I went to the south in the summer of 1966. I had wanted to go in 1965 but my parents said "No" but that I could go the next year. I was 19 when I took the Trailways bus from Seattle to Atlanta. I joined other volunteers for an orientation and then some of us were sent to the Meredith March. We arrived at the march either in Greenwood or the evening after, and of course, Greenwood was where Stokely Carmichael introduced the call for "Black Power." I believe that is the beginning of the turn to the progressive politics of today but this is for my classes in sociology.
The Meredith March remains one of, for me, critical experiences. The impact of the call for "Black Power" was electric. It electrified the crowds and made a deep impression on me. (I never saw anything like it again until the Trump rallies and I realize this is a troublesome comparison.) Participating in the march deepened my commitment to the Movement, also to non-violence, and an appreciation for internal politics.

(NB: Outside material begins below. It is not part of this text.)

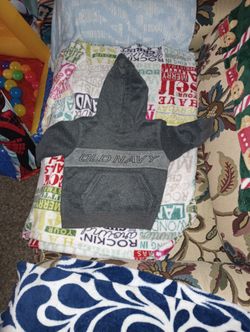 Old Navy Sweater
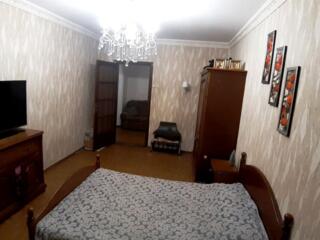 Продам 2-комнатную квартиру с отдельным входом и подвалом, ул. ...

After the march, it was back to Atlanta and then down to the vicinity of Waycross Georgia. (I apologize, my memory is not the best.) We stayed in a small town and I lived with a family there. Our job, I was paired with an SCLC staffer who had relatively recently joined SCLC. Our job was to go out into the countryside and convince people to come with us to the courthouse to register to vote. We were only semi-successful, and I imagine my experiences matched many others.
I wished I had been a bit more mature and had had more experience. It was another important experience living with the family. I was continually battling my own naivete.

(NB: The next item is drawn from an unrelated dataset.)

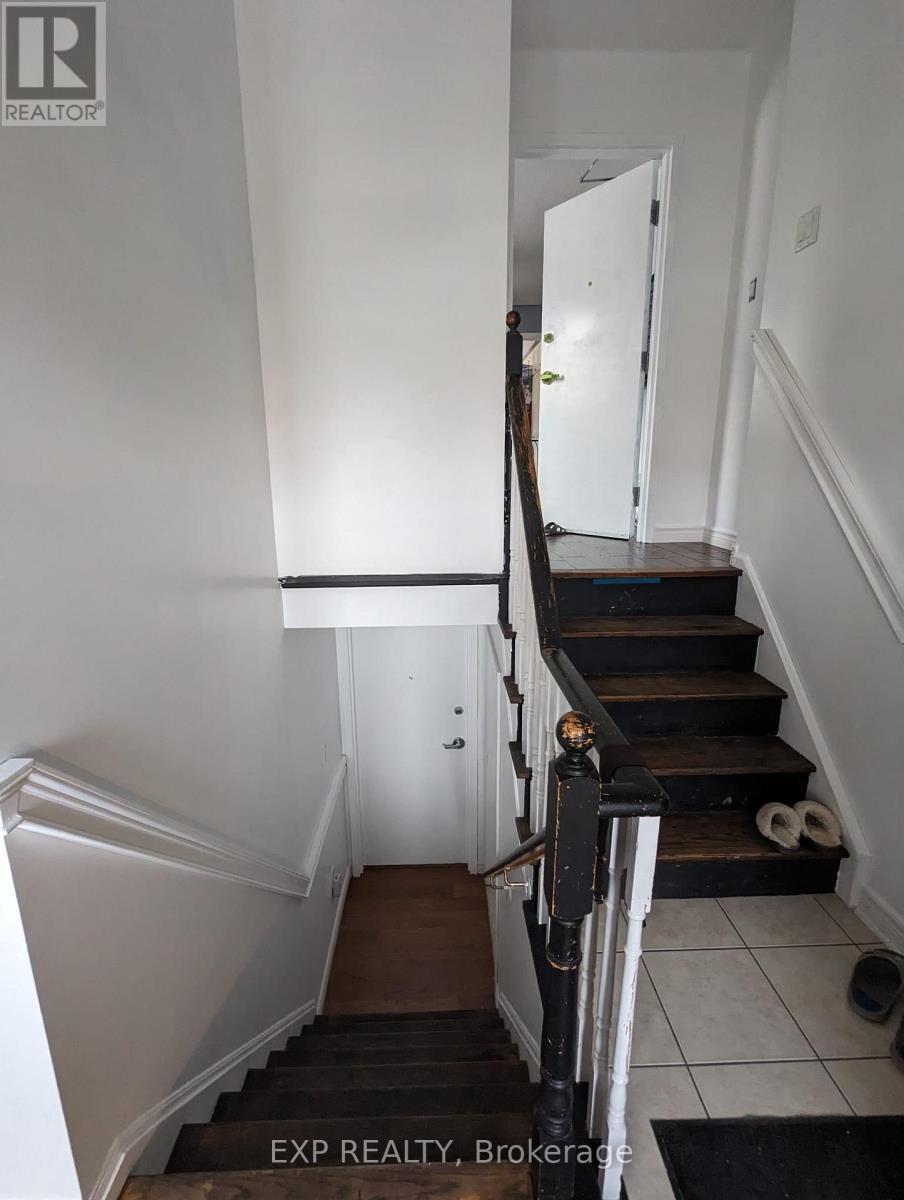 34 Danielle Crescent, Barrie, ON - Indoor Photo Showing Other Room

This family was relatively well off. The families we stayed with during the march were often times very poor. Southern rural poverty was new to me. I had read about but had never experienced it. Those memories remain vivid.
The other memory I have, and this was from the March, was being with a father who took us in ... this was probably just a day before Jackson ... or so. He was so generous, and he had so little. The lesson for me, which has stayed with me to this day is that morality and decency are not to be confused with education and intelligence. As an educator, I am humbled by those who are truly decent and caring.
Then back to Atlanta and then almost immediately to Grenada Mississippi. Now I was with a whole group of people. This was really a focused project. Hosea Williams was there. I did a variety of tasks, a little mimeographing, voter registration but the main tasks were demonstrating at the city square in the early evening.
Being there for some time meant getting to know people. It was obvious that one of the issues (speaking broadly) was what was to be done. The issue was poverty and one answer seemed to be forming cooperatives.
I had to deal with realizing my own racism as I misunderstood some of the dangers faced by Black and white workers, not always being the most disciplined in demonstrations when I needed to be. I had to leave before more significant violence broke out. Being tear gassed again (the Meredith March was the first time) became more of a usual occurrence.
It is really difficult for me to put into words what these experiences meant and mean to me. I generally do not discuss them and although I teach sociology and do occasionally show the clip of the Meredith March (SNCC, March Against Fear), I usually do not mention that I was there. I know that these experiences shaped my orientation to issues of racial justice over my lifetime. I know that my efforts to teach about racism, oppression, white supremacy, etc., have been driven by these experiences.
To be at least temporarily on the other side of the color line, to experience just a little bit of what it meant to live in a racist society from the perspective of Black Americans to experience, if only briefly, the poverty of rural Mississippi and Georgia has informed what I try to do in the classroom. I am taking no credit here but one of my undergraduate students, Robin DiAngelo, is the author of White Fragility.
I remember on the March, I think around Belzoni, and saw a young fellow in the crowd who looked exactly like my younger brother. This is another one of those experiences that have stayed with me.
Another part of this experience was gaining an understanding of nonviolence which fed into my becoming a conscientious objector ... and as alternative service and working in the poor neighborhoods of Harlem and witnessing urban poverty.
The lessons I learned during that summer, the solidarity I experienced, the joining together with people from all sorts of life situations, understanding that the virtues that count are not those that are found in a college seminar, that justice and the battle for racial justice is a never ending struggle ... these are some of the things that I have learned and am still working on in my teaching life and my personal life. Understanding my own racism and trying at the same time to teach both about these times and our own, these are the challenges that have their roots in that summer in 1966. I apologize for the inartful narrative here. How does one communicate which in many ways is incommunicable. I owe so many people from that summer so much.